Era o Ratinho, uma vez mais... Aquele Ratinho era uma enciclopédia!

Continuámos a andar, subimos a rua paralela ao Panthéon  e chegámos a Santa Maria Sopra Minerva.

- Ai, o elefantinho que engraçado!, disse o Ouricinho, encantado.

Outro deslumbramento para os dois.
-  Que lindo!
- É o elefante português..., expliquei.
- O quê??
- Português?

Tinham-se virado ao mesmo tempo para mim.

- Sim. A estátua representa o elefante que veio a Roma.
- Quando é que ele veio?, perguntou o Ratinho, desconfiado.
- Eu não percebo é como ele veio ate cá. Num avião não pode ser!

O Ouricinho parecia céptico quanto a essa vinda.
- Foi há muitos anos! Veio numa embaixada do Rei D. Manuel, ao Papa.
- Ah!, disse o Ratinho.

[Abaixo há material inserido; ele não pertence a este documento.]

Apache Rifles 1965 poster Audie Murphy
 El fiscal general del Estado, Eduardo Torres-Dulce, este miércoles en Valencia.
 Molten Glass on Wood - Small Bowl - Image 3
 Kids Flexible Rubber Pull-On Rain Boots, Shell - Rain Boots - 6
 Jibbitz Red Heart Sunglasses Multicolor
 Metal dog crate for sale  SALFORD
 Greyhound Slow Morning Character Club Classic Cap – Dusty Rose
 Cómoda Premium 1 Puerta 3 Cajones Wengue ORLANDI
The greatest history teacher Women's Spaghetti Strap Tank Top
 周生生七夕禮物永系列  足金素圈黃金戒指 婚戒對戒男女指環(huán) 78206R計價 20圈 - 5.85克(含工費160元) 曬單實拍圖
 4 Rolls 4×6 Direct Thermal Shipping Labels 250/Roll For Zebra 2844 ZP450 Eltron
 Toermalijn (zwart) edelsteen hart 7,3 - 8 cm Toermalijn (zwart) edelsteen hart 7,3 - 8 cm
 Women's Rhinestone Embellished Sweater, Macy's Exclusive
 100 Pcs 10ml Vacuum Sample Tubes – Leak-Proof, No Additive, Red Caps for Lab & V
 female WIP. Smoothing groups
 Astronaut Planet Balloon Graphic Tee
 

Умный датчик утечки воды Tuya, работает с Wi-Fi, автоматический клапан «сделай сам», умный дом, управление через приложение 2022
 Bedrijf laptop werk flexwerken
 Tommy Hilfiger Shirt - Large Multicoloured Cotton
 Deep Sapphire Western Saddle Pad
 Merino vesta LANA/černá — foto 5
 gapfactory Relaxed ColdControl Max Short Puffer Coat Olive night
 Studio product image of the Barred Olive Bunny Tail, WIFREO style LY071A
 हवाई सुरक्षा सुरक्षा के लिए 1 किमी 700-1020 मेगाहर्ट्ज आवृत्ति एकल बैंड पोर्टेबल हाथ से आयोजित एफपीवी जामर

Também veio uma pantera, não foi?
- Do Rei?! Ó, isso então foi há séculos...
Entrámos na Igreja.
- Não é bonita?
Para mim era maravilhosa. Mas o Ouricinho parecia desinteressar-se. O Ratinho olhava em volta silencioso. 
Pensei que estavam cansados de andar e andar. Animei-os com uma proposta:
- Vamos comer um gelado?!
O Ratinho, sempre bem educado, respondeu logo:
- Oh, sim. E depois vamos para casa?...
- Sim, Sim! Quero um gelado!...
Ainda quis contar mais coisas...

- O Café Tazza d'Oro... Que saudades!

Mas eles já nem me ouviam bem. Tinha sido um dia muito intenso!

7 comentários:

  1. Que maravilha!
    Continuam o mesmo espanto, estes bichinhos!
    E que Ratinho culto este Poeta!

    Cultura, alegria, ternura...é o que nos trazem estes dois bichinhos encantadores, que já fazem parte dos amigos.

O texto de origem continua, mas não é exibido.